Choreography comes easily to her. She’s a natural smiler. She digs being on that stage. Sure, she looks like Jon Benet Ramsey out there, but I force myself to look past that.
Sometimes I feel sorry for my kid.
Mostly because she has a mother who has no idea what is going on.
I had never glued on a set of eyelashes before becoming a Dance Mom. I knew nothing about contouring a face or how to put hair into a neat messy bun. I’m getting better at this as we go along. My daughter is now in her 4th year of competitive dance. That means extra practices, hotel stays, team dinners, team coats, parades and performances in old folks homes, where half the people watching are asleep.
She’s happy. This is supposed to be all about her. But, for some reason, Dance really falls on the Mom’s. We have to do a ton of shit. It’s a bit ridiculous. But, maybe once you decide to “pull the goalie” then you deserve whatever comes your way when it comes to your children.
I know my strengths and weaknesses as a Dance Mom.
I can’t sew, so I usually cry when I hear the words “tack that”.
I suck at hair and make up so I have a step by step list that I follow.

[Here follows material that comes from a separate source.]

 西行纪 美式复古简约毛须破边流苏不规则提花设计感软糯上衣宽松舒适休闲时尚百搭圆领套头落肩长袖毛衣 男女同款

I have nothing memorized. My brain refuses to store this knowledge. Who knew that the universe had so many makeup brushes to choose from?
I never volunteer to bring a prop to a dance competition or show in fear that I will forget it in my driveway.

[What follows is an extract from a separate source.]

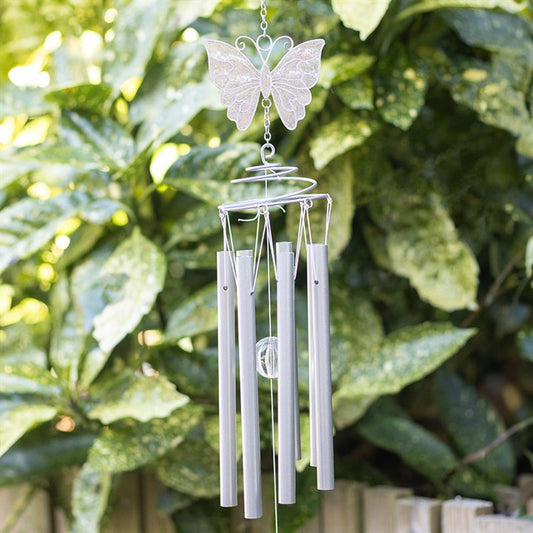 White Butterfly Windchime, alternate view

In fact, I know my strengths and weaknesses so well that when a new Mom texted me for fake eyelash help I almost dropped my damn phone. Did she text me by accident? What the fuck. I don’t mind helping, but I don’t want the responsibility of being one of the Dance Mom’s that knows what is going on.
That’s what Jody, Tanya and Kris are for.

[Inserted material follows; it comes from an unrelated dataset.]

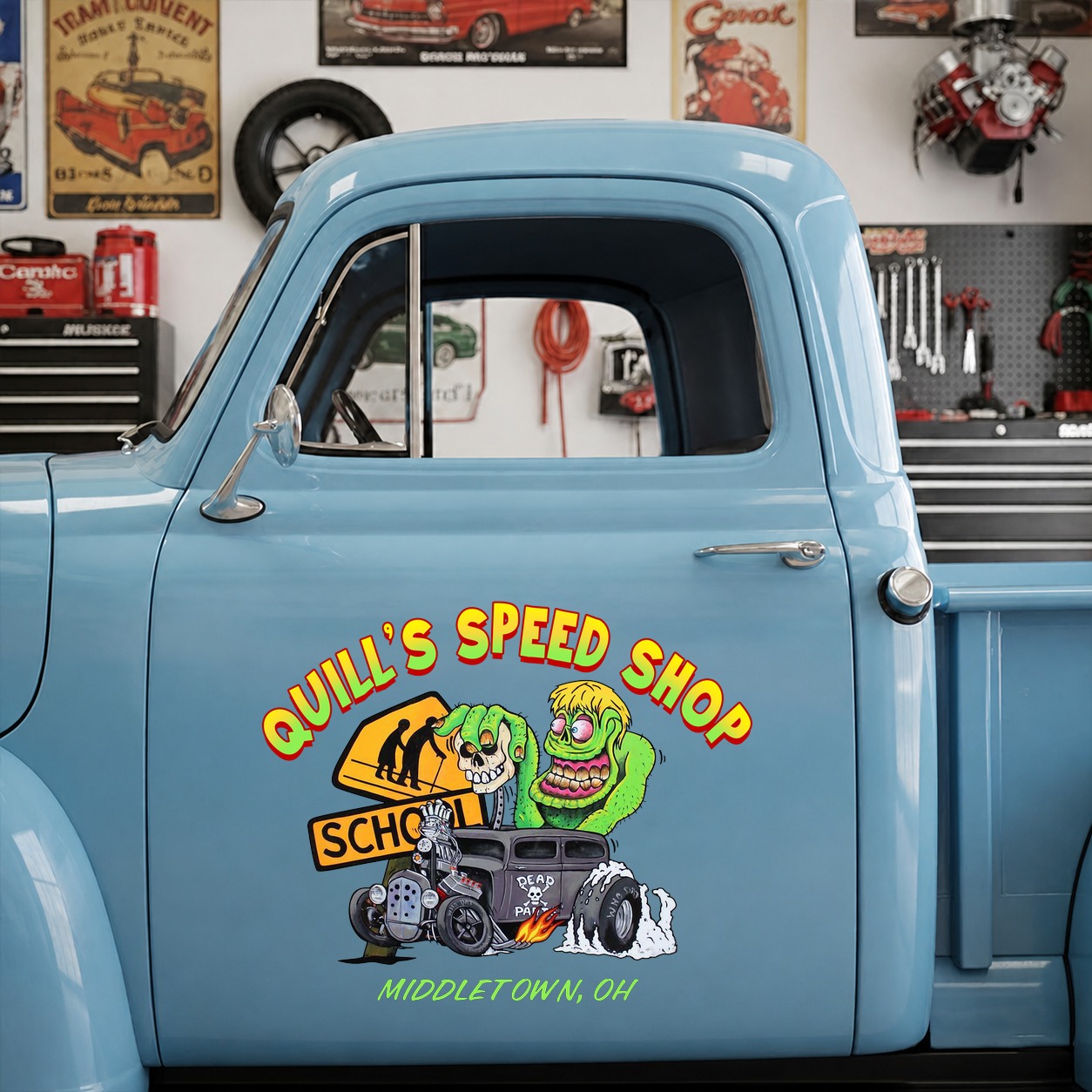 personalized old school hot rod garage | lowbrow art | vintage garage vinyl sticker 09892 - Image 8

In case you are wondering what that name drop is all about, those are some of the other Mom’s in my daughters Dance Team. I’m sure I didn’t insult Megan, Jade and Cori, because they are a bit of a hot mess themselves. Leah, Peggy and Carrie seem to be be figuring it out in a calmer manner, or else they just hide their sweat really well. I’m so thankful for the other women. They hug me. They help my daughter. They pass me bobby pins and teach me about setting spray. I couldn’t do this without them. It really takes a dance village.
Hey, I am not trying to give dance a bad wrap. I hope you find such a fantastic Dance Studio by fluke like we did.
There is so much damn good that has happened for my daughter because of dance and her teachers.
She’s happy. I’m happy.
But, I would still be happier on the soccer field.
(She won the highest mark in her solo class at her first ever attempt at doing a solo in competition.)